Anxiety is a natural emotional response to stress, experienced by everyone at some point. It can range from mild unease to intense feelings of dread or panic. At its core, anxiety is a protective mechanism, designed to alert us to perceived threats. Today's sources of anxiety, such as work pressure, trauma or societal and family expectations, are typically linked to perceived dangers like failure, judgment or criticism.
Anxiety is fundamentally the fear of the unknown, often triggered when we lack trust in ourselves and our ability to navigate the situations around us. When we feel uncertain about how to handle challenges or confront our personal fears, this can spiral into panic and anxiety. The causes of anxiety are unique to each person, so understanding its root causes is essential for addressing it and creating lasting change.
One transformative approach to managing anxiety is shifting how we relate to it. Rather than viewing anxiety as an enemy to fight or ignore, we can reframe it as a messenger, signalling that something within us is out of alignment. From an early age, many of us are taught to suppress or “push through” anxious feelings, but by embracing anxiety as a natural response, we can start to understand what might be unsettling internally. Approaching anxiety with curiosity rather than fear allows us to learn from it.

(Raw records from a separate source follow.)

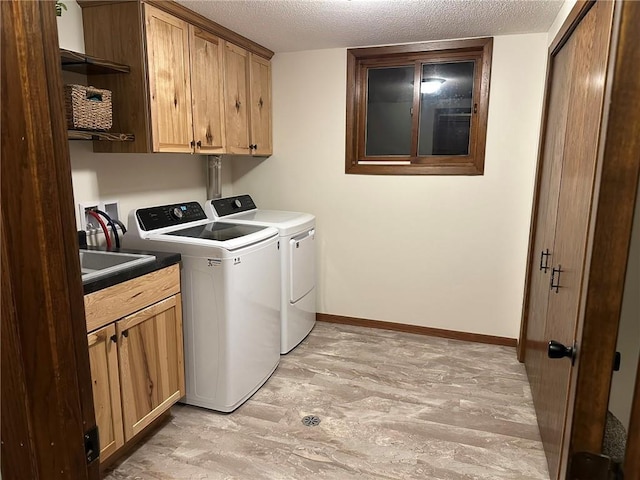 laundry area with washer and dryer, baseboards, cabinet space, and a textured ceiling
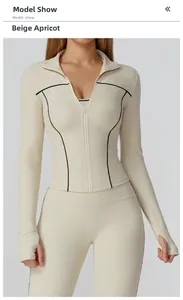 Slim-fit apricot yoga jacket with contrast stitching and thumbhole sleeve details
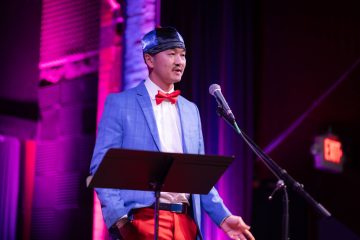 Photograph of Fong L., a Hmong-American man with a light mustache. In this photo, he is wearing red pants, a white shirt, red bow tie, and blue plaid jacket, with a paneled blue hat. He stands before a microphone.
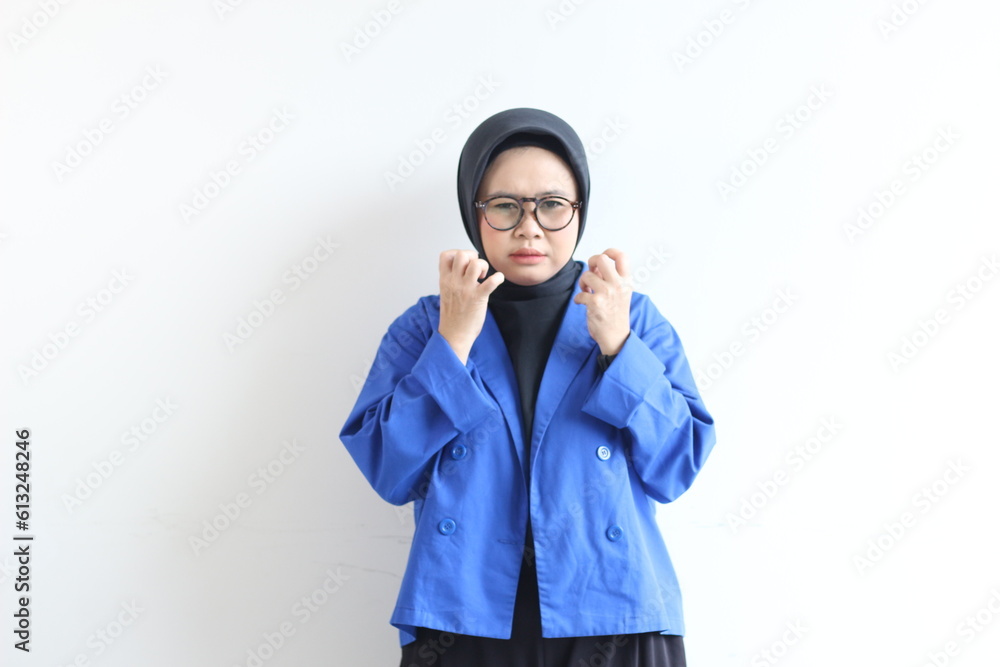 Young beautiful Asian Muslim woman, wearing glasses and blue blazer with angry facial expression Young beautiful Asian Muslim woman, wearing glasses and blue blazer with angry facial expression
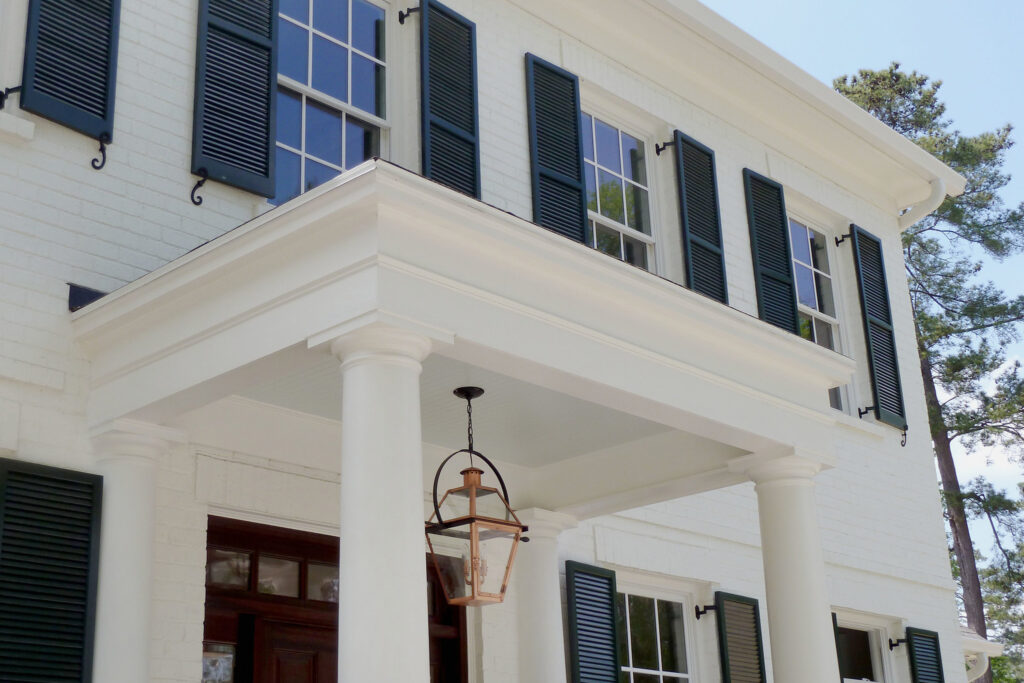 Front porch detail with columns, shutters, and lantern on WilsonCo custom home in Cayce South Carolina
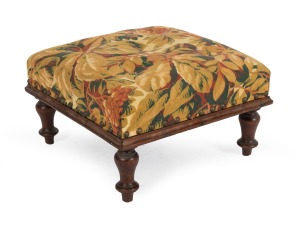 An Australian cedar footstool with floral upholstered top, New South Wales origin, circa 1855, 19cm high, 35cm wide, 35cm deep.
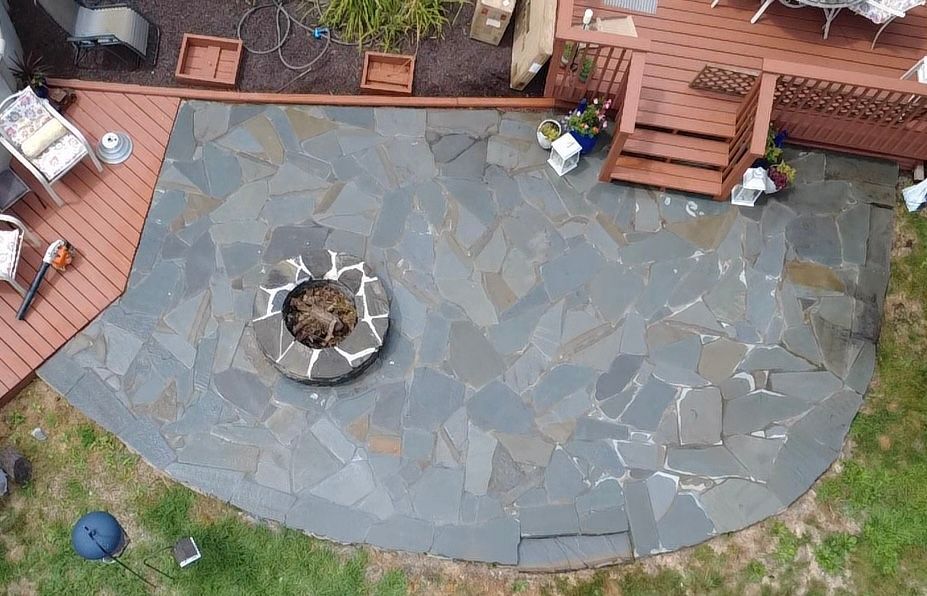 Overhead view of a stone patio with a fire pit, next to a wooden deck with steps.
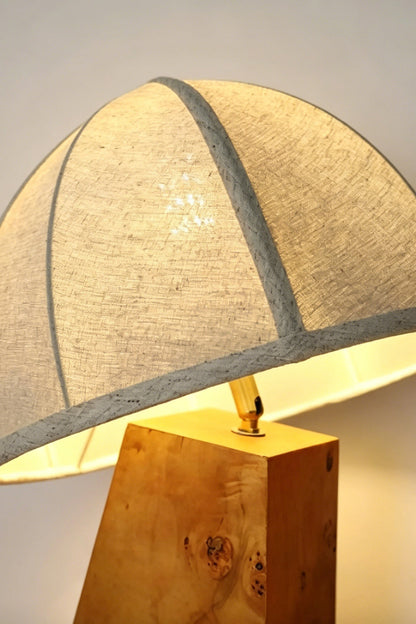 Angolo Canted Faceted Wood Table Lamp | Wood, Fabric, Metal | Close-up view showing the junction between the fabric dome shade and the faceted wood base | Detail shot | vexa lamps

Anxiety can also stem from the fear of rejection or disapproval, often rooted in early experiences of emotional neglect or invalidation. When we suppress our authentic feelings and needs in order to avoid rejection, we create an internal conflict. This conflict arises when our true selves are at odds with the persona or mask we present externally to gain acceptance. As we disconnect from our authentic selves and rely on external validation, anxiety builds because we are out of alignment with our core values and desires, leading to an underlying sense of unease and fear.
Healing this cycle involves reconnecting with a strong sense of ourselves and developing internal validation. By setting healthy boundaries, recognising and honouring our emotions, and learning to trust ourselves, we begin to reduce the anxious need for external approval. As we move toward internal alignment and self-acceptance, the anxiety tied to validation and rejection diminishes, fostering emotional resilience and self-stability.